BERLIN, (Reuters) – BMW (BMWG.DE) has passed the tipping point for combustion engine vehicle sales and now generates most sales growth from electric cars, its chief financial officer said in a media roundtable.
“The tipping point for the combustion engine is already there,” CFO Walter Mertl said, adding that in his view it had been passed last year.
“The current sales plateau for combustion cars will continue and then fall slightly,” he predicted, pointing to looming environmental regulation that will restrict sales of such vehicles.
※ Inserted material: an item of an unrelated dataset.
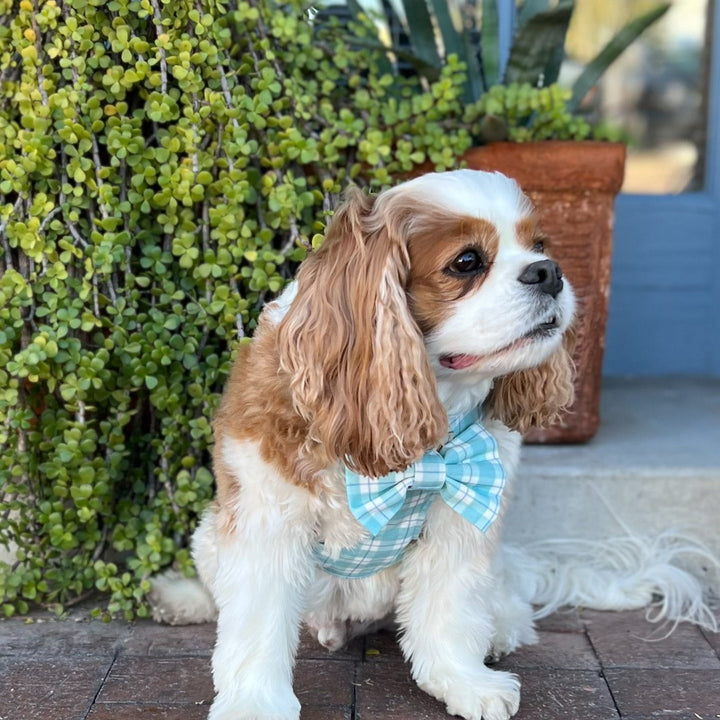 Seaside Reversible Dog Harness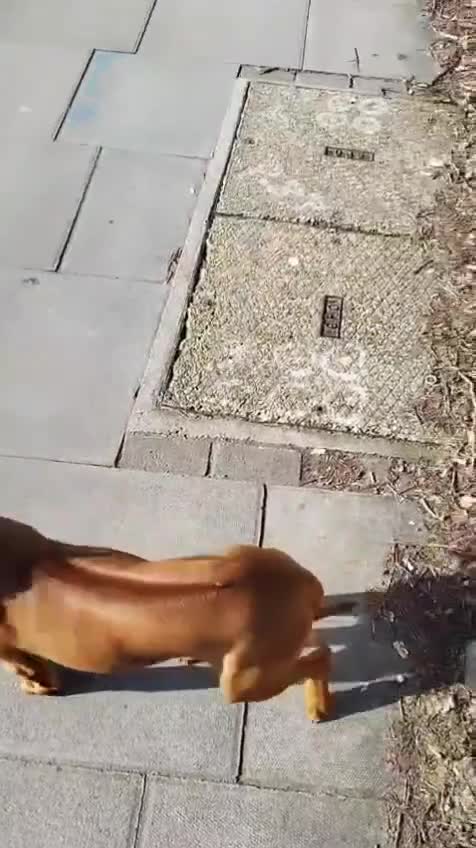 Rhodesian Ridgeback dogs for sale: Beautiful , healthy female Rhodesian Ridgeback  in London - Video 1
Carmakers are under pressure to ramp up their EV offerings as regulatory deadlines from China to the European Union and some U.S. states will begin to ban sales of new fossil fuel emitting cars from the middle of the next decade.
BMW achieved a 15% all-electric sales share last year. It plans to raise that to 33% by 2026 as it rolls out six new models in its “Neue Klasse” EV-only line, a multibillion-euro effort to jump the technology gap with competitors.
Still, BMW’s margins for combustion engine and all-electric cars won’t reach parity before at least 2026, Mertl said, pointing to the higher costs of introducing new battery technologies for later models.
Discounting is also likely for cars in certain price ranges, Mertl said, without going into further detail.
The carmaker is sticking to its previously announced target of 3 million vehicles sold by 2030 with an 8-10% margin in its automotive segment, he added – a conservative goal sitting below its expected 2023 margin of around 10.3%.
BMW CEO Oliver Zipse said in September that the company would be “at least as profitable” when selling the “Neue Klasse” EVs at scale, bolstered by their lower battery costs and higher efficiency per kilowatt hour.